▶ [Your instructions]:
From the line containing "Память воинов-интернационалистов почтили" through the last line of the records below, output every line exactly as it appears, but leave out the pictures.

▶ [Supplied information]:
########

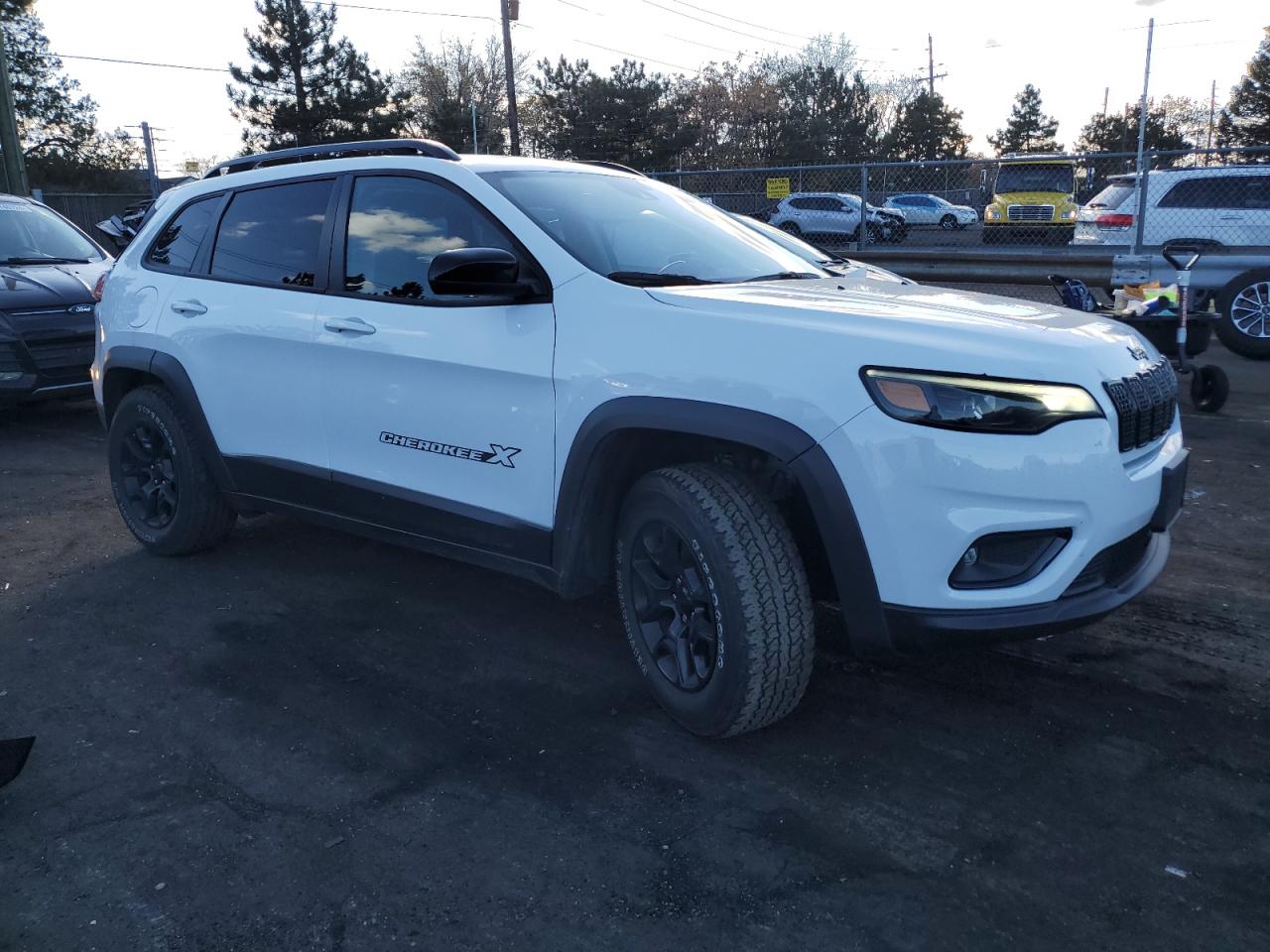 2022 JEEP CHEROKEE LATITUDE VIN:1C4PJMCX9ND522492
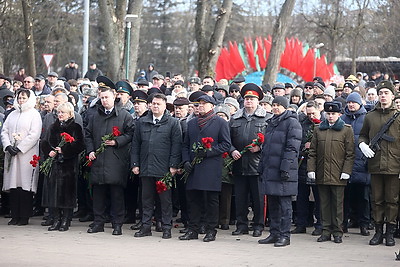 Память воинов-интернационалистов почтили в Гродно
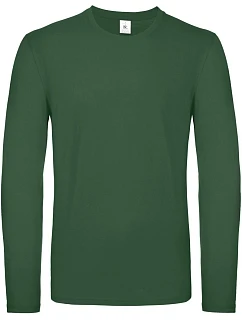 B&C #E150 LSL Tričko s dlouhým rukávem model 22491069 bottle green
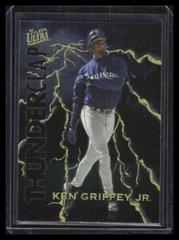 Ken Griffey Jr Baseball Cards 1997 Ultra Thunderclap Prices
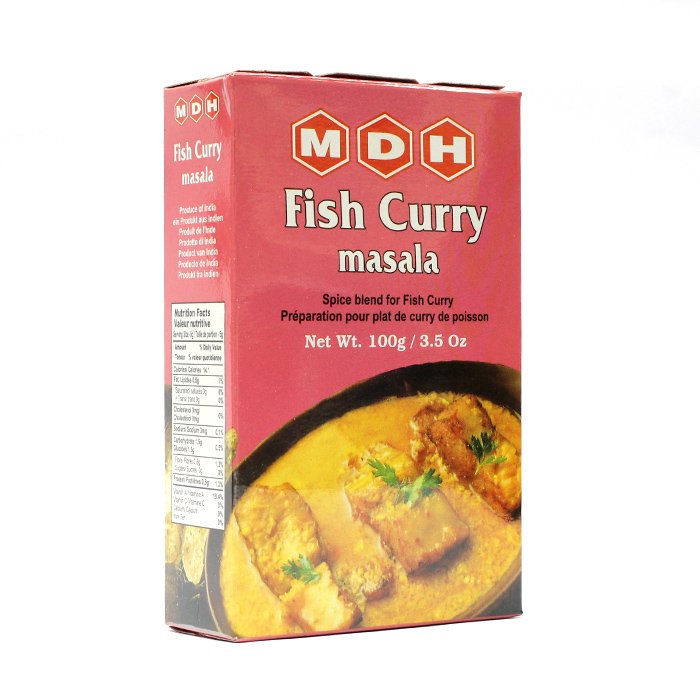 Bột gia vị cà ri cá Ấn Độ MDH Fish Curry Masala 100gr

########

▶ [Task response]:
 Память воинов-интернационалистов почтили в Гродно
 B&C #E150 LSL Tričko s dlouhým rukávem model 22491069 bottle green
 Ken Griffey Jr Baseball Cards 1997 Ultra Thunderclap Prices
 Bột gia vị cà ri cá Ấn Độ MDH Fish Curry Masala 100gr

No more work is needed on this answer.